'''
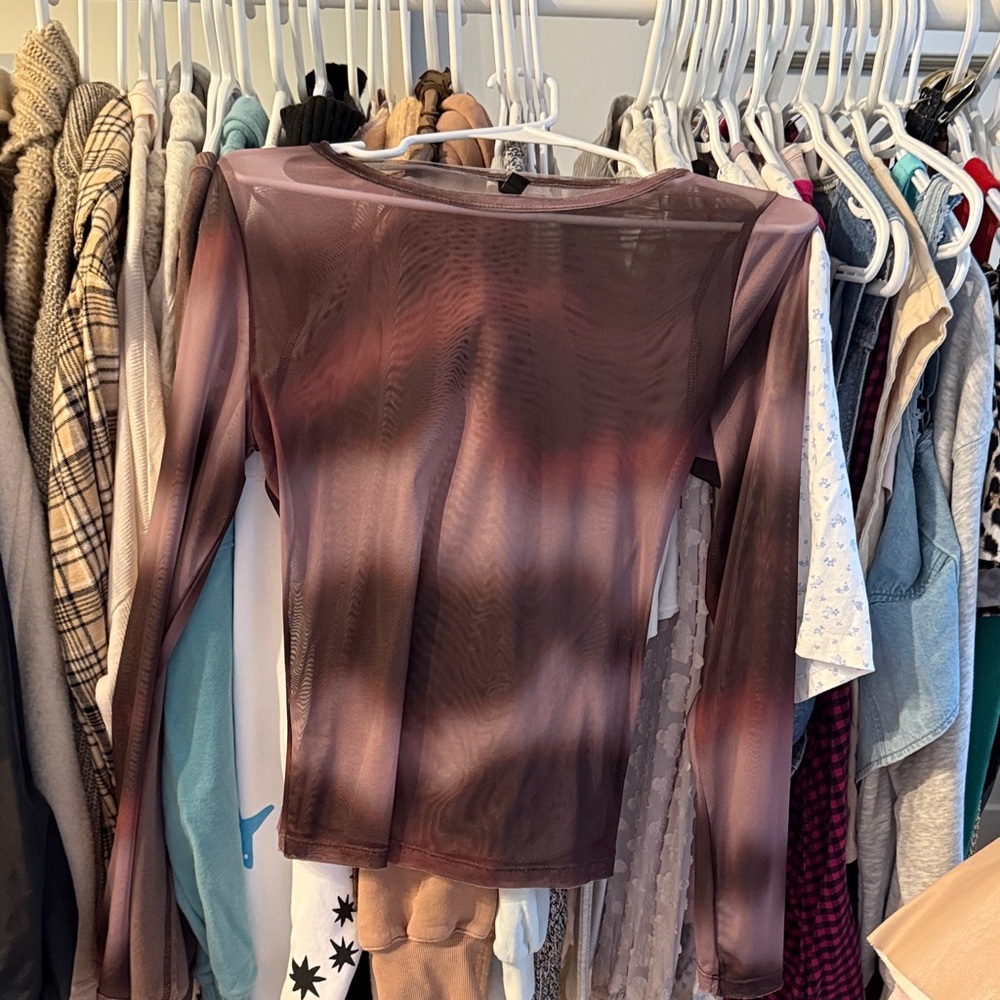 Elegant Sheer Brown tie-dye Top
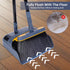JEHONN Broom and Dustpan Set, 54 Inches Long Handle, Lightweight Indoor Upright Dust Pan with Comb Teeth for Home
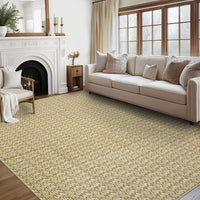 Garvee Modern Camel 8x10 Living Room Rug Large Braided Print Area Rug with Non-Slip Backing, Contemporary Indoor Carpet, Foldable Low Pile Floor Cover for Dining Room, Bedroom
'''
With the images omitted, return the full material exactly.

 Elegant Sheer Brown tie-dye Top
JEHONN Broom and Dustpan Set, 54 Inches Long Handle, Lightweight Indoor Upright Dust Pan with Comb Teeth for Home
 Garvee Modern Camel 8x10 Living Room Rug Large Braided Print Area Rug with Non-Slip Backing, Contemporary Indoor Carpet, Foldable Low Pile Floor Cover for Dining Room, Bedroom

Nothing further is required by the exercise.